Examples

using Distributions
using ExpectationMaximization
using StatsPlots

Multivariate mixtures

Old Faithful Geyser Data (Multivariate Normal)

This seems like a canonical example for Gaussian mixtures, so let's do it. Note the use of the amazing ClipData.jl.

Using Clustering.jl package, one could easily initialize the mix_guess using K-means algorithms (and others).

using ClipData, DataFrames, StatsPlots
using Distributions, ExpectationMaximization
# https://gist.githubusercontent.com/curran/4b59d1046d9e66f2787780ad51a1cd87/raw/9ec906b78a98cf300947a37b56cfe70d01183200/data.tsv
data = cliptable() |> DataFrame

@df data scatter(:eruptions, :waiting, label = "Observations", xlabel = "Duration of the eruption (min)", ylabel = " Duration until the next eruption (min)")

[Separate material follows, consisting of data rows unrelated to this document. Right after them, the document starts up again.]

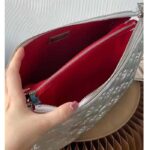 Louis Vuitton LV Women Coussin PM Handbag Silver Lambskin Cowhide Lining - Imagen 8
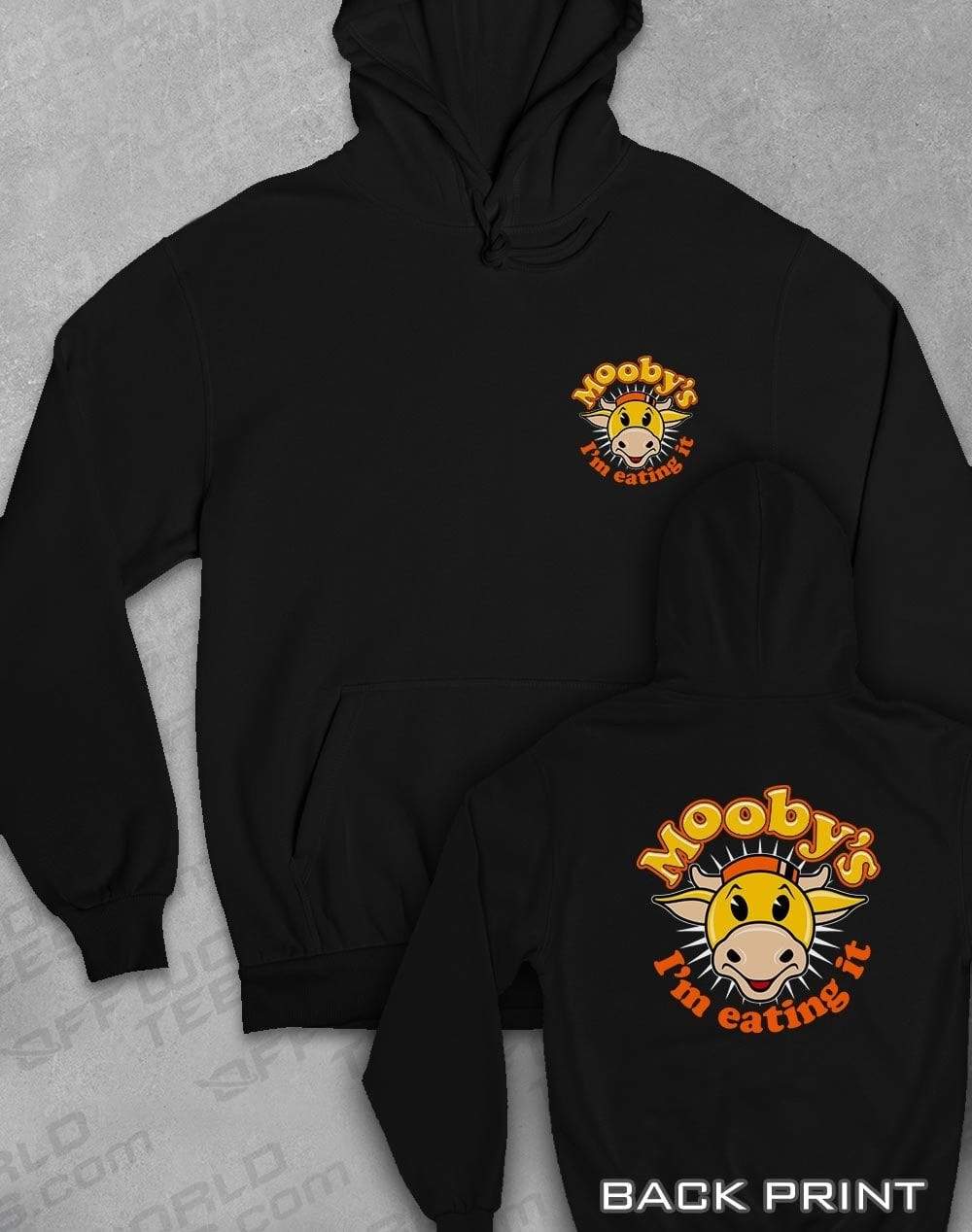 Mooby's Hoodie XS / Jet Black - Off World Tees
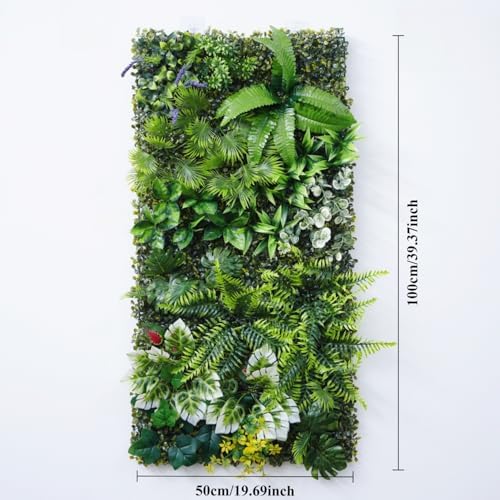 Artificial Greenery Wall Panels, 4 Pack, 20 x 40 in, Faux Grass Wall - Image 4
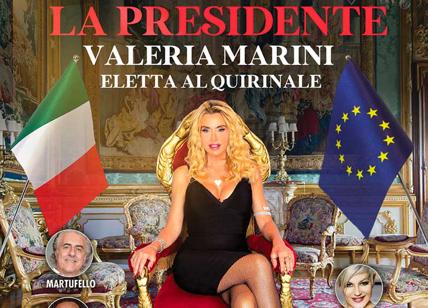 Mattarella si è dimesso. Il Paese sotto choc: eletta presidente Valeria Marini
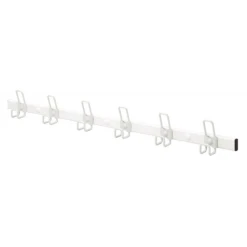 Porte Manteau Avec 10 Patères Longueur 145 Cm Coloris Blanc Mottez B230CBC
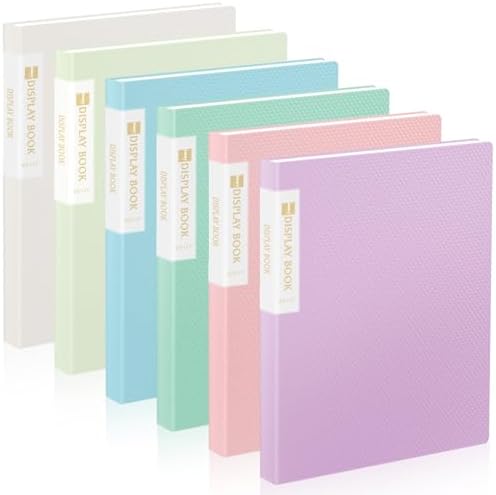 Sooez 6 Pack Binder with Plastic Sleeves 18Pocket, Displays 36 Pages 8.5x11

y = permutedims(Matrix(data))

D₁guess = MvNormal([22, 55], [1 0.6; 0.6 1])
D₂guess = MvNormal([4, 80], [1 0.2; 0.2 1])
mix_guess = MixtureModel([D₁guess, D₂guess], [1/2,1/2])

mix_mle, info = fit_mle(mix_guess, y, infos = true)

# mix_mleS, infoS = fit_mle(mix_guess, y, infos = true, method = StochasticEM())

xrange = 1:0.05:6
yrange = 40:0.1:100
zlevel = [pdf(mix_mle, [x, y]) for y in yrange, x in xrange]
contour!(xrange, yrange, zlevel)

old_faithful

MNIST dataset: Bernoulli Mixture

A classical example in clustering (pattern recognition) is the MNIST handwritten digits' data sets. One of the simplest^[1] ways to address the problem is to fit a Bernoulli mixture with 10 components for the ten digits 0, 1, 2, ..., 9 (see Pattern Recognition and Machine Learning by C. Bishop, Section 9.3.3. for more context). Each of the components is a product distribution of $28\times 28$ independent Bernoulli. This simple (but rather big) model can be fitted via the EM algorithm.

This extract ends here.